## [Task instructions]
Copy down the listing below exactly. Do not include pictures.

• • • •

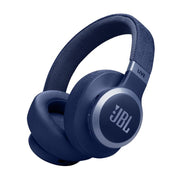 JBL Live 770NC | Écouteurs circum-auriculaires - Sans fil - Bluetooth - Bleu-SONXPLUS Rivière-du-Loup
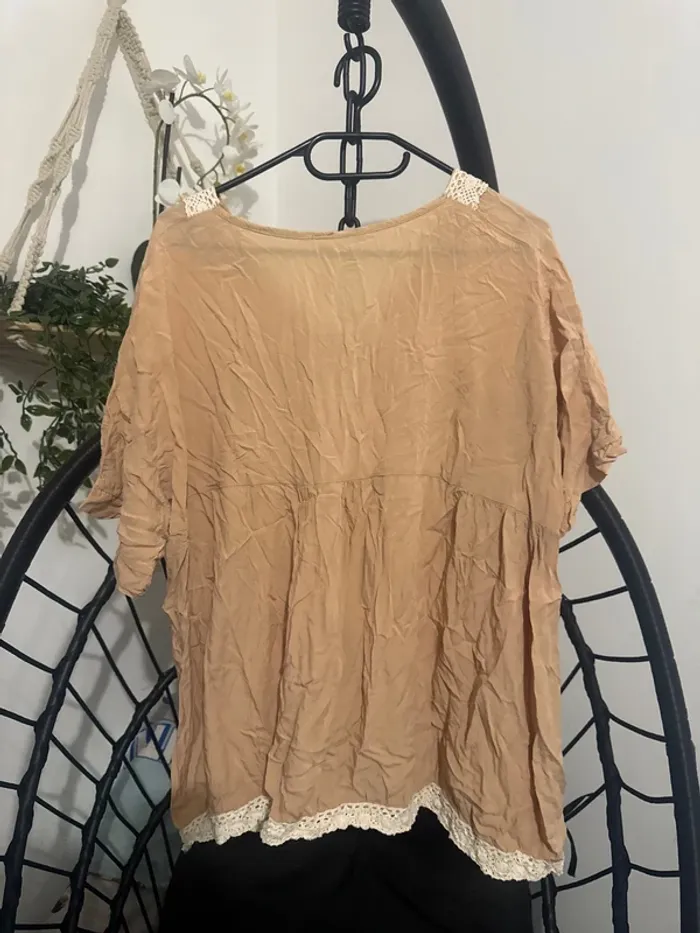 T-shirt femme - photo numéro 4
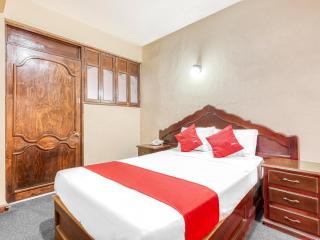 Hotel Esperanza, Oaxaca Centro - Città di Oaxaca - 8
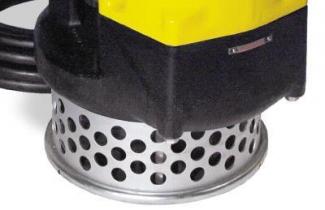 सबमर्सिबल पंप सीवेज पंप Wacker Neuson PS4 11003HF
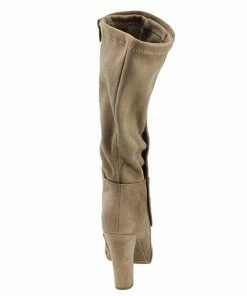 Forever Daisa 42 Women's Heeled Riding Boot LIQUIDATIONS!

• • • •

## [Completed task]
 JBL Live 770NC | Écouteurs circum-auriculaires - Sans fil - Bluetooth - Bleu-SONXPLUS Rivière-du-Loup
 T-shirt femme - photo numéro 4
 Hotel Esperanza, Oaxaca Centro - Città di Oaxaca - 8
 सबमर्सिबल पंप सीवेज पंप Wacker Neuson PS4 11003HF
 Forever Daisa 42 Women's Heeled Riding Boot LIQUIDATIONS!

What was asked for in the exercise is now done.